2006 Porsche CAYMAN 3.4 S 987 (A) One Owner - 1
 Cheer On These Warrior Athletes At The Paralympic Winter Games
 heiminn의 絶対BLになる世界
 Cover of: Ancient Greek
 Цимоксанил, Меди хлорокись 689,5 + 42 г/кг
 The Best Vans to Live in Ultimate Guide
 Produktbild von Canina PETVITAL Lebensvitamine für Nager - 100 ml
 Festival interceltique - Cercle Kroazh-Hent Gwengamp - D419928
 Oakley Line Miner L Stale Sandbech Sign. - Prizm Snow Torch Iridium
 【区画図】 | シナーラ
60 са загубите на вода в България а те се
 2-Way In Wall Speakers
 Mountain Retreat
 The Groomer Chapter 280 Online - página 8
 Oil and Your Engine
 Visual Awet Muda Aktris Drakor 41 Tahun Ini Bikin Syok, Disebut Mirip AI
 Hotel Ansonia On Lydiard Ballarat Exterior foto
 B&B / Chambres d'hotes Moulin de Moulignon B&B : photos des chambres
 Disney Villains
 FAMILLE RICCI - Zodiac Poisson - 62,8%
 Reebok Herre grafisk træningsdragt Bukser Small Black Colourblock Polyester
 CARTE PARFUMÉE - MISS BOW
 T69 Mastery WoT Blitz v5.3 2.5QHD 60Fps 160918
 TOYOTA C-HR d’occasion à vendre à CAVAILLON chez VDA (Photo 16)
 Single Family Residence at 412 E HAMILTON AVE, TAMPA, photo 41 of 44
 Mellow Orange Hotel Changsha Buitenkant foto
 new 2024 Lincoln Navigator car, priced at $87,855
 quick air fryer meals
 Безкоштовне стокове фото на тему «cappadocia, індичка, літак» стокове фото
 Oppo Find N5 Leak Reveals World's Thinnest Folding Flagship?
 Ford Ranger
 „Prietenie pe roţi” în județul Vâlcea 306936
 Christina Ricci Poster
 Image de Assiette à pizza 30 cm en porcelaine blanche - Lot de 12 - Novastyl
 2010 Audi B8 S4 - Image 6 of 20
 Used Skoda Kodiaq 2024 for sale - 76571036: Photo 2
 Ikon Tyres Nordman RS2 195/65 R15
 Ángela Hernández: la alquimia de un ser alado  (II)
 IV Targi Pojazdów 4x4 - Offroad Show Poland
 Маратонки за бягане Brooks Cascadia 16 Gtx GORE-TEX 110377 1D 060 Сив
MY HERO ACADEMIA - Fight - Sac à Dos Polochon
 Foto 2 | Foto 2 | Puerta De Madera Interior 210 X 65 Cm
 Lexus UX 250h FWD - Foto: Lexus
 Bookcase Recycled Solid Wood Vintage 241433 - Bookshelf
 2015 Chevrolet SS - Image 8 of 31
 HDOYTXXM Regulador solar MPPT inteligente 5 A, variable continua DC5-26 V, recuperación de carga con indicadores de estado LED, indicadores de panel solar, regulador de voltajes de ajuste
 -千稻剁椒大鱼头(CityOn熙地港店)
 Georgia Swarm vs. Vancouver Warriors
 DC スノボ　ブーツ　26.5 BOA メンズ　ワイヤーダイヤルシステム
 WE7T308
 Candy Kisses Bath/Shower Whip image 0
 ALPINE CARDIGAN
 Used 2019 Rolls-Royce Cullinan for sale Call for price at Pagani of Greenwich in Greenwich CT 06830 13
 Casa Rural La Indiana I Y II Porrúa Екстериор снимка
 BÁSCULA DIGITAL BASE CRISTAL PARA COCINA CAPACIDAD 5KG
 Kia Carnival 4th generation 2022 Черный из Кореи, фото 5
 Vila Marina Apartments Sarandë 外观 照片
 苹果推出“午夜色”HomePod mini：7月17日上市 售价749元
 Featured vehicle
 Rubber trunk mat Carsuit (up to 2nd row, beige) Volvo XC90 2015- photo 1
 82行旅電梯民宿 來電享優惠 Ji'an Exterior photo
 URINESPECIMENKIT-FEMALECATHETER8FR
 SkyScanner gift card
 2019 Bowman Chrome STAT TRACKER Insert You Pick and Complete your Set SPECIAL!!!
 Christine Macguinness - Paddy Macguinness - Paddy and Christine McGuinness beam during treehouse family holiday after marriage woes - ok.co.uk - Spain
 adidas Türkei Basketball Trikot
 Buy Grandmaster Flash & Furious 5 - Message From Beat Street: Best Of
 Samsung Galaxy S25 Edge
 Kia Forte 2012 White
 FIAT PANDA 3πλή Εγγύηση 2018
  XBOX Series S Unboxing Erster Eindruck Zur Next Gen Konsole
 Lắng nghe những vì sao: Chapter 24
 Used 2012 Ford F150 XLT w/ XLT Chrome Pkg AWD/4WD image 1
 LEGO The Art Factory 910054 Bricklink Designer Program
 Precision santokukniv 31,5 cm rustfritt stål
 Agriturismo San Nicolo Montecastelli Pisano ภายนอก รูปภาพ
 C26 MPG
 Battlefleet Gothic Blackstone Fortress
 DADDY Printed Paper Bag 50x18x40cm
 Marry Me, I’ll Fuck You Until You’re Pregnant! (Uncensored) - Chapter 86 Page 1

_ _ _ _

What you are asked to do
Would you please give all of the entries above once more, exactly as they are?

Answer box
2006 Porsche CAYMAN 3.4 S 987 (A) One Owner - 1
 Cheer On These Warrior Athletes At The Paralympic Winter Games
 heiminn의 絶対BLになる世界
 Cover of: Ancient Greek
 Цимоксанил, Меди хлорокись 689,5 + 42 г/кг
 The Best Vans to Live in Ultimate Guide
 Produktbild von Canina PETVITAL Lebensvitamine für Nager - 100 ml
 Festival interceltique - Cercle Kroazh-Hent Gwengamp - D419928
 Oakley Line Miner L Stale Sandbech Sign. - Prizm Snow Torch Iridium
 【区画図】 | シナーラ
60 са загубите на вода в България а те се
 2-Way In Wall Speakers
 Mountain Retreat
 The Groomer Chapter 280 Online - página 8
 Oil and Your Engine
 Visual Awet Muda Aktris Drakor 41 Tahun Ini Bikin Syok, Disebut Mirip AI
 Hotel Ansonia On Lydiard Ballarat Exterior foto
 B&B / Chambres d'hotes Moulin de Moulignon B&B : photos des chambres
 Disney Villains
 FAMILLE RICCI - Zodiac Poisson - 62,8%
 Reebok Herre grafisk træningsdragt Bukser Small Black Colourblock Polyester
 CARTE PARFUMÉE - MISS BOW
 T69 Mastery WoT Blitz v5.3 2.5QHD 60Fps 160918
 TOYOTA C-HR d’occasion à vendre à CAVAILLON chez VDA (Photo 16)
 Single Family Residence at 412 E HAMILTON AVE, TAMPA, photo 41 of 44
 Mellow Orange Hotel Changsha Buitenkant foto
 new 2024 Lincoln Navigator car, priced at $87,855
 quick air fryer meals
 Безкоштовне стокове фото на тему «cappadocia, індичка, літак» стокове фото
 Oppo Find N5 Leak Reveals World's Thinnest Folding Flagship?
 Ford Ranger
 „Prietenie pe roţi” în județul Vâlcea 306936
 Christina Ricci Poster
 Image de Assiette à pizza 30 cm en porcelaine blanche - Lot de 12 - Novastyl
 2010 Audi B8 S4 - Image 6 of 20
 Used Skoda Kodiaq 2024 for sale - 76571036: Photo 2
 Ikon Tyres Nordman RS2 195/65 R15
 Ángela Hernández: la alquimia de un ser alado  (II)
 IV Targi Pojazdów 4x4 - Offroad Show Poland
 Маратонки за бягане Brooks Cascadia 16 Gtx GORE-TEX 110377 1D 060 Сив
MY HERO ACADEMIA - Fight - Sac à Dos Polochon
 Foto 2 | Foto 2 | Puerta De Madera Interior 210 X 65 Cm
 Lexus UX 250h FWD - Foto: Lexus
 Bookcase Recycled Solid Wood Vintage 241433 - Bookshelf
 2015 Chevrolet SS - Image 8 of 31
 HDOYTXXM Regulador solar MPPT inteligente 5 A, variable continua DC5-26 V, recuperación de carga con indicadores de estado LED, indicadores de panel solar, regulador de voltajes de ajuste
 -千稻剁椒大鱼头(CityOn熙地港店)
 Georgia Swarm vs. Vancouver Warriors
 DC スノボ　ブーツ　26.5 BOA メンズ　ワイヤーダイヤルシステム
 WE7T308
 Candy Kisses Bath/Shower Whip image 0
 ALPINE CARDIGAN
 Used 2019 Rolls-Royce Cullinan for sale Call for price at Pagani of Greenwich in Greenwich CT 06830 13
 Casa Rural La Indiana I Y II Porrúa Екстериор снимка
 BÁSCULA DIGITAL BASE CRISTAL PARA COCINA CAPACIDAD 5KG
 Kia Carnival 4th generation 2022 Черный из Кореи, фото 5
 Vila Marina Apartments Sarandë 外观 照片
 苹果推出“午夜色”HomePod mini：7月17日上市 售价749元
 Featured vehicle
 Rubber trunk mat Carsuit (up to 2nd row, beige) Volvo XC90 2015- photo 1
 82行旅電梯民宿 來電享優惠 Ji'an Exterior photo
 URINESPECIMENKIT-FEMALECATHETER8FR
 SkyScanner gift card
 2019 Bowman Chrome STAT TRACKER Insert You Pick and Complete your Set SPECIAL!!!
 Christine Macguinness - Paddy Macguinness - Paddy and Christine McGuinness beam during treehouse family holiday after marriage woes - ok.co.uk - Spain
 adidas Türkei Basketball Trikot
 Buy Grandmaster Flash & Furious 5 - Message From Beat Street: Best Of
 Samsung Galaxy S25 Edge
 Kia Forte 2012 White
 FIAT PANDA 3πλή Εγγύηση 2018
  XBOX Series S Unboxing Erster Eindruck Zur Next Gen Konsole
 Lắng nghe những vì sao: Chapter 24
 Used 2012 Ford F150 XLT w/ XLT Chrome Pkg AWD/4WD image 1
 LEGO The Art Factory 910054 Bricklink Designer Program
 Precision santokukniv 31,5 cm rustfritt stål
 Agriturismo San Nicolo Montecastelli Pisano ภายนอก รูปภาพ
 C26 MPG
 Battlefleet Gothic Blackstone Fortress
 DADDY Printed Paper Bag 50x18x40cm
 Marry Me, I’ll Fuck You Until You’re Pregnant! (Uncensored) - Chapter 86 Page 1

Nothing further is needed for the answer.